Ijudge a book by its cover and there begins my problems. Publishers hire excellent book cover designers and these artists create great imagery usually not at all present in the book they design and draw for. Publishers also put good synopses on the back cover, which may be better written than the entire book itself. As a consequence, I usually end up with expensive paperweights: Books that I can never truly read because they cannot hold my attention for more than 10 minutes.
At times, though, I get lucky.
Having a limited time to spend on perusing paperbacks (hardbound books are just too expensive), I would pick out nicely packaged books, read their synopses, scan a few pages (I remove the plastic wrap when no one is looking) and then decide whether I will spend what little money I have to buy it or whether I will sleep on it first. The latter option is slightly more expensive as I live far from bookstore branches that have good titles, so I may have to spend on transportation and food just to get one or two books.
Now, the choice is not so hard for books that I really want or those about which I have read or heard good reviews. The choice is especially easy if the store has on its shelf all the books of the anthology (if the book Im considering is part of it). It is a rather risky thing buying books that are part of a series. Local bookstores tend to forget that you need the rest of the books to enjoy the one they have on sale. (They seem to most enjoy leaving out the second book in trilogies.) You have to buy a complete book set when its there or risk losing the chance to own it forever (or at least for some time).
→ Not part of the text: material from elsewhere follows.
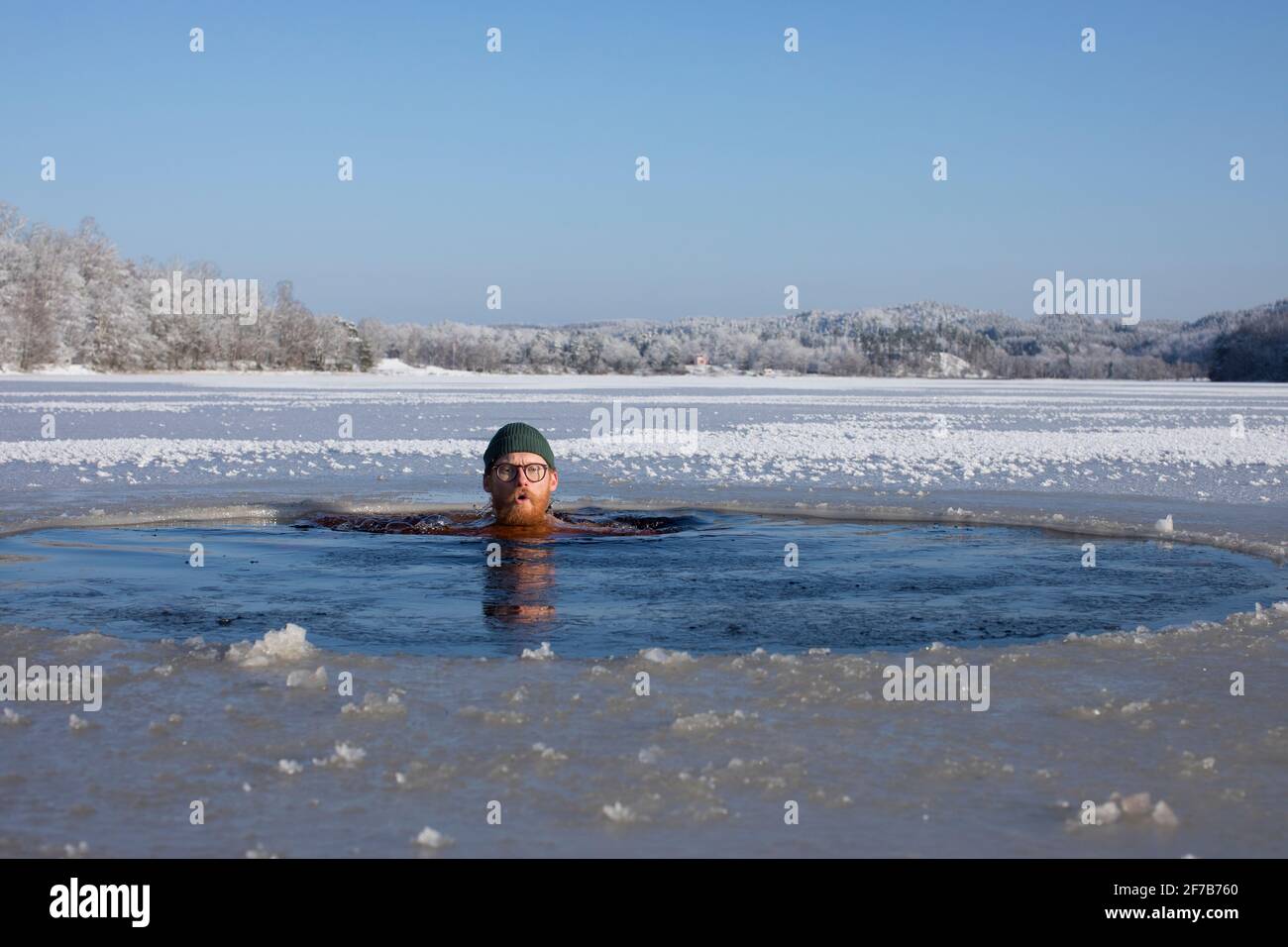 Uomo che nuota in lago ghiacciato Foto Stock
So for the first two books of A Song of Ice and Fire, I decided not to buy them the first time I saw them. The bookstores had the ones published by Voyager. The covers were gorgeously illustrated and the synopses piqued my interest immediately: the books were on sorcery and nobles. It took me several more weeks when there was only one copy of each book in the store for me to decide to buy them and I am glad I did. I got lucky.
I realized then that George R.R. Martin had yet to finish the third book (I have all three now). Martin said that there would only be six books in the series and he is currently writing the fourth one.
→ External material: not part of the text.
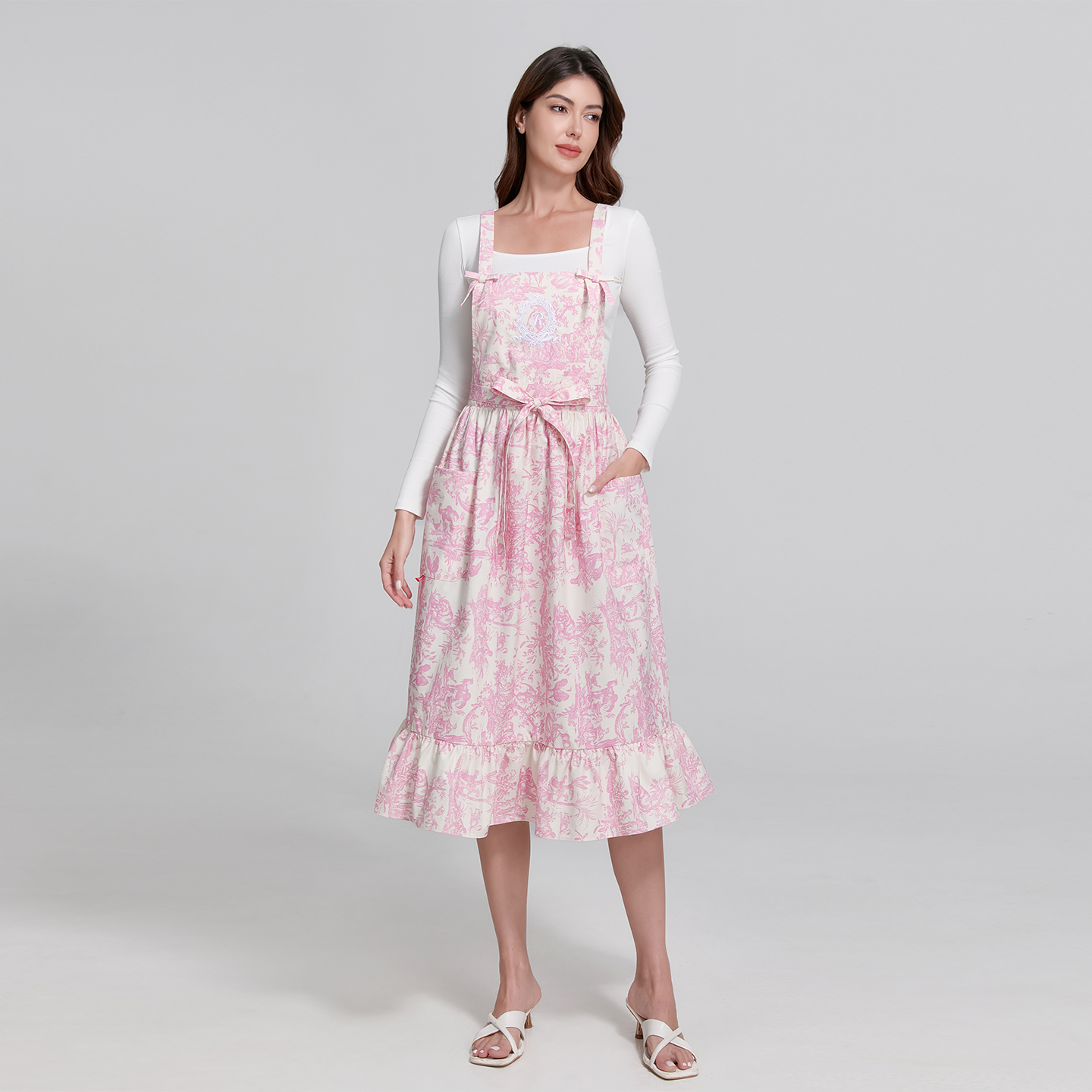 Sophisticated apron design featuring lovely ribbon trims and a graceful frill hemline in pink Toile de Jouy motif.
The story is told from the first-person point of view of key characters. The story, loosely based on historical events and figures, has no real heroes. The entire world is mostly presented through gray eyes. Those that see only black and white end up dead or defeated. Every hero (the more-good-than-evil people) makes decisions that skim the lines of nobility; even the villains at times act in ways that can be considered heroic.
The story opens with a political climate no different than the one we are in now. A few years back in Westeros, the lords of the Seven Kingdoms rose in rebellion against their Mad King. The House Targaryen, who conquered the seven kingdoms centuries ago and claimed the entire continent, is removed from power. Members of their families are slaughtered and only two escape to the Free Lands to the East.
Like all victorious forces, the rebels usurp the government and crown their leader Robert Baratheon as the King on the Iron Throne. The great legal minds quickly justify the act by pointing out that some distant ancestor of Robert was in fact a Targaryen, giving him a legitimate claim to the throne. (Like in real life, everything can be explained away so long as you hold the power.) So Robert reigns and later marries Cersei Lannister of the richest house in the land to gain her houses support.
Roberts reign begins with the promise to rebuild the land but he turns out to be not unlike someone we had a few years ago. He spends all his years in power drying up the treasury, whoring and feasting. He ends up fat, drunk and unfit to rule. He sires so many bastards that almost every land in the kingdom has some child looking just like him. The strange thing is that all his legitimate children look like their mother.
The first book begins with this mystery: the Kings Hand, Jon Arryn, dies of poisoning while looking into the Kings strange progeny. We later find out that the Queens brother Jamie sired all her children.
Jamie, a Kingsguard and the Kingslayer, swears an oath to defend his king with his life but ends it instead. (Not Roberts but the Mad Kings whom he first served.) In the third book though, I realized that I should not judge Jamie so easily for breaking his oath for he did it to prevent the Mad King from burning the city and murdering thousands. His actions saved many lives but still we could ask, "Should oaths really be discarded when the one they have sworn to serve acts in ways they do not agree with?" Perhaps Jamies post-kingslaying experience could help give an answer: He is pardoned by the new king, allowed to keep his rank and position and is ingratiated into the new monarchy, the typical oath breakers reward we give out in our country.
Throughout the three books, there are stories that stand out. One particularly interesting and eerily familiar event is when Stannis launches an information campaign against Cersei, revealing her childrens true parentage thus declaring their claim to the Iron Throne illegitimate.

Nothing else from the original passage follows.